*** SUPPLIED DATA ***
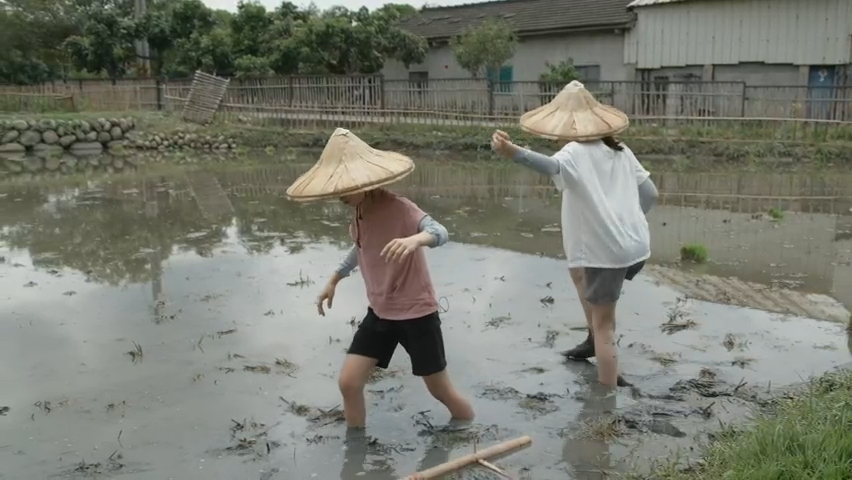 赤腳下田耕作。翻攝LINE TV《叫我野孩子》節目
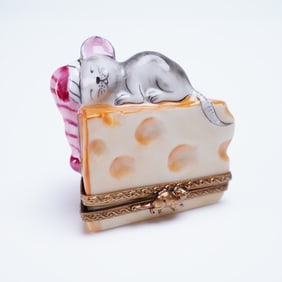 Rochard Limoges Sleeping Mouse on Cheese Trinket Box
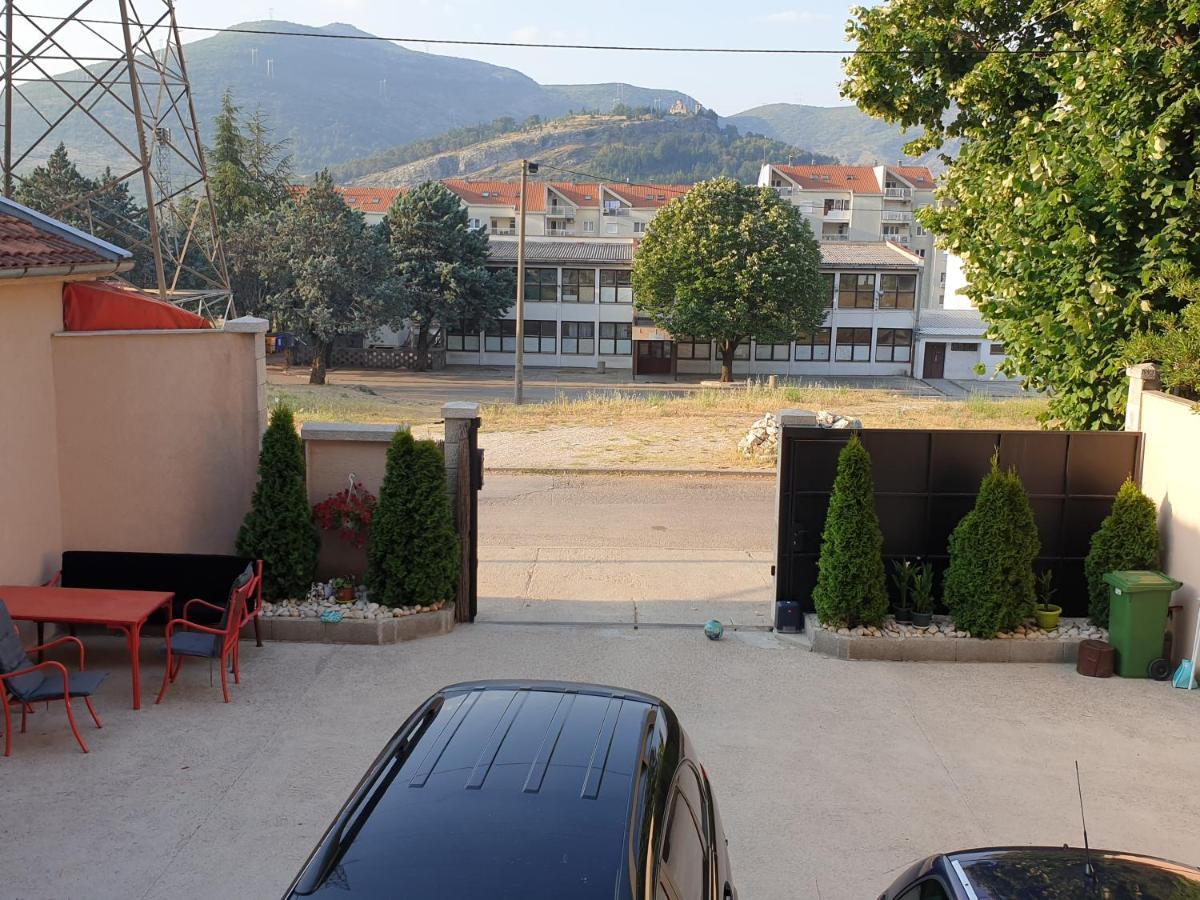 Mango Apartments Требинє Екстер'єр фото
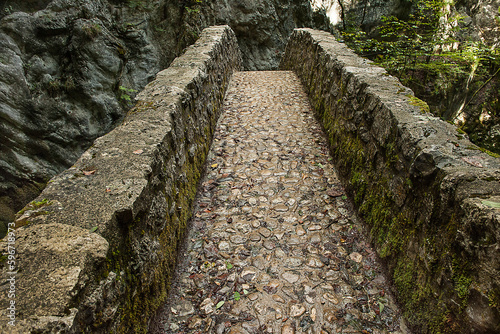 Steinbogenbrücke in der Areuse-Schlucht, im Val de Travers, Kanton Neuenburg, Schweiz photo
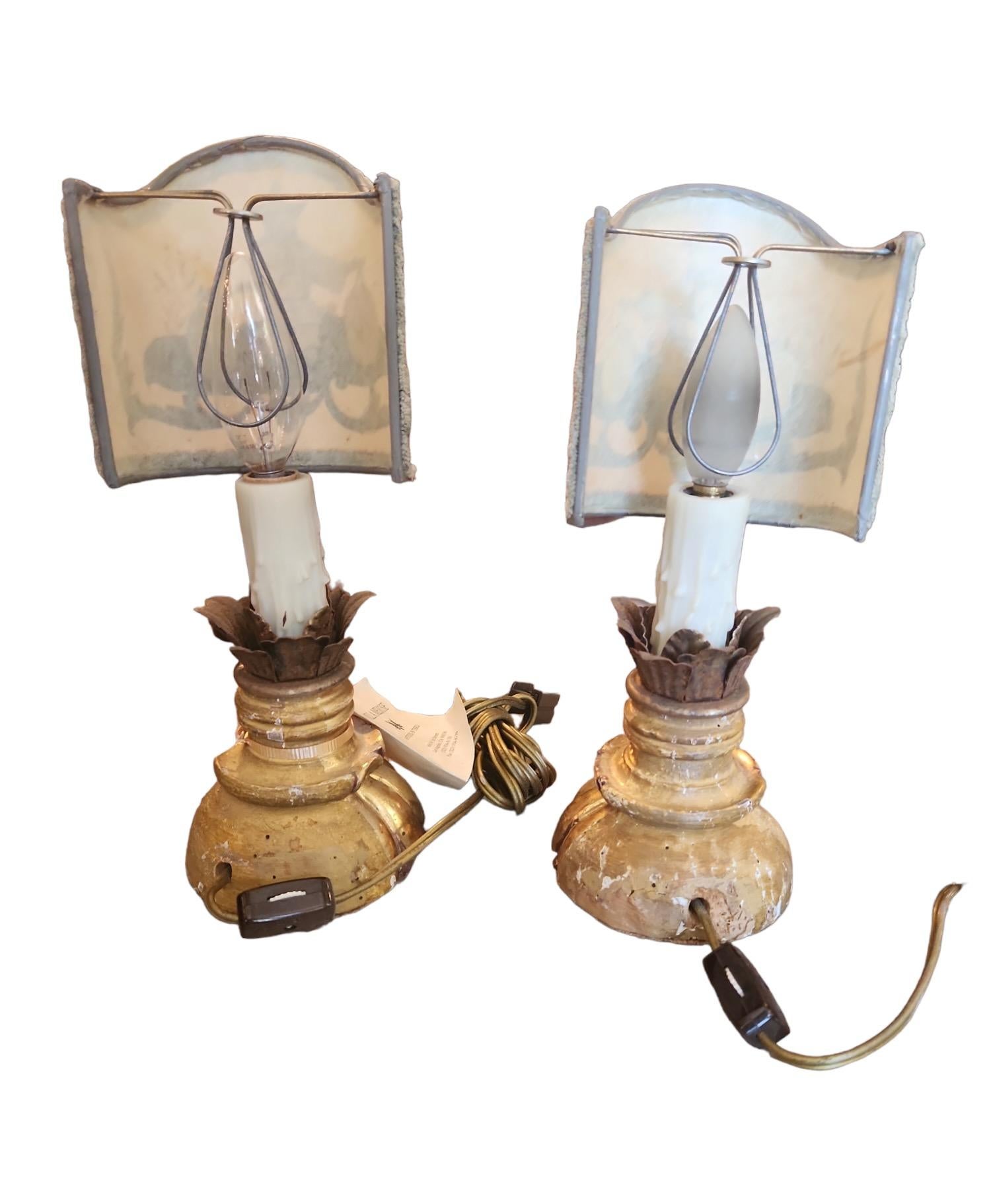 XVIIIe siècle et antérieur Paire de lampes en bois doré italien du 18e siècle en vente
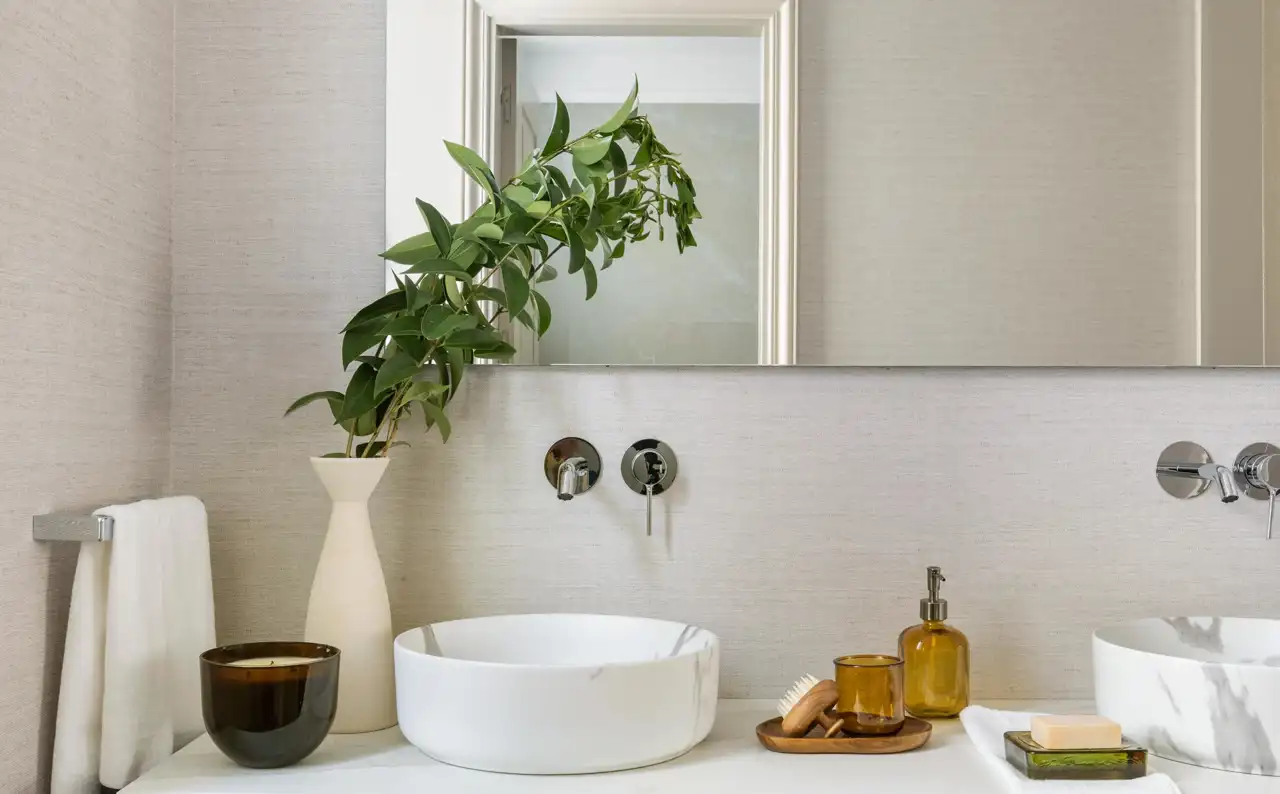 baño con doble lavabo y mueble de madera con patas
*** End of SUPPLIED DATA ***
Would you please copy, exactly and only, the lines from the one with "Mango Apartments Требинє Екстер'єр фото" through the end of the entries above, skipping every picture?

◆ FINISHED TASK
 Mango Apartments Требинє Екстер'єр фото
 Steinbogenbrücke in der Areuse-Schlucht, im Val de Travers, Kanton Neuenburg, Schweiz photo
 XVIIIe siècle et antérieur Paire de lampes en bois doré italien du 18e siècle en vente
 baño con doble lavabo y mueble de madera con patas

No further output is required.